В то время гитарист мог получить образование только в объеме музыкальной школы. Единственный в Москве класс гитары в Училище при консерватории был переполнен. Множество руководителей кружков гитарной самодеятельности не имели понятия о нотной грамоте и преподавали ученикам непосредственно «с рук». Это очень беспокоило Генриха. Он проявил чудеса организаторских способностей, когда вместе с коллегами организовал при Московском городском доме народного творчества двухгодичные курсы повышения квалификации для педагогов-гитаристов московских клубов, пригласив в качестве преподавателей самых известных в стране теоретиков музыки.

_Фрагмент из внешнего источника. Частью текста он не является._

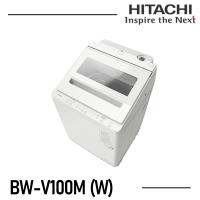 洗濯機 日立 10kg BWV100MW ビートウォッシュ BW-V100M-W ホワイト HITACHI 全自動洗濯機 ナイアガラ 新品 メーカー保証付 設置 リサイクル回収 発送のみ | ごほうびいっぱいストア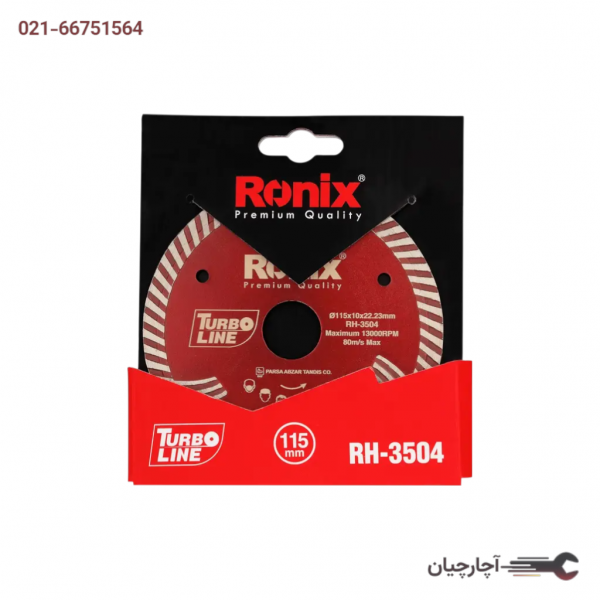 صفحه گرانیت بر توربو 115 میلی متری برند رونیکس، کد کالا RH-3504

Через некоторое время, не без участия Генриха, после многолетнего перерыва возобновляет работу класс гитары в Музыкальном училище имени Октябрьской революции. Расцветом гитары в СССР назван этот период в зарубежных музыкальных изданиях.
Творческое объединение московских гитаристов выбирает Генриха своим председателем. Из разных стран постоянно поступают приглашения на гастроли. Но Министерство культуры не решается отпустить четырежды судимого человека. А тем временем бурная деятельность продолжается. Концерты его ансамбля в Кремлевском театре, в Кремлевском Дворце съездов. После концерта, посвященного XVI съезду ВЛКСМ, с творческими успехами его лично поздравляет Брежнев. Несколько лет титанического труда, наконец дают свои результаты.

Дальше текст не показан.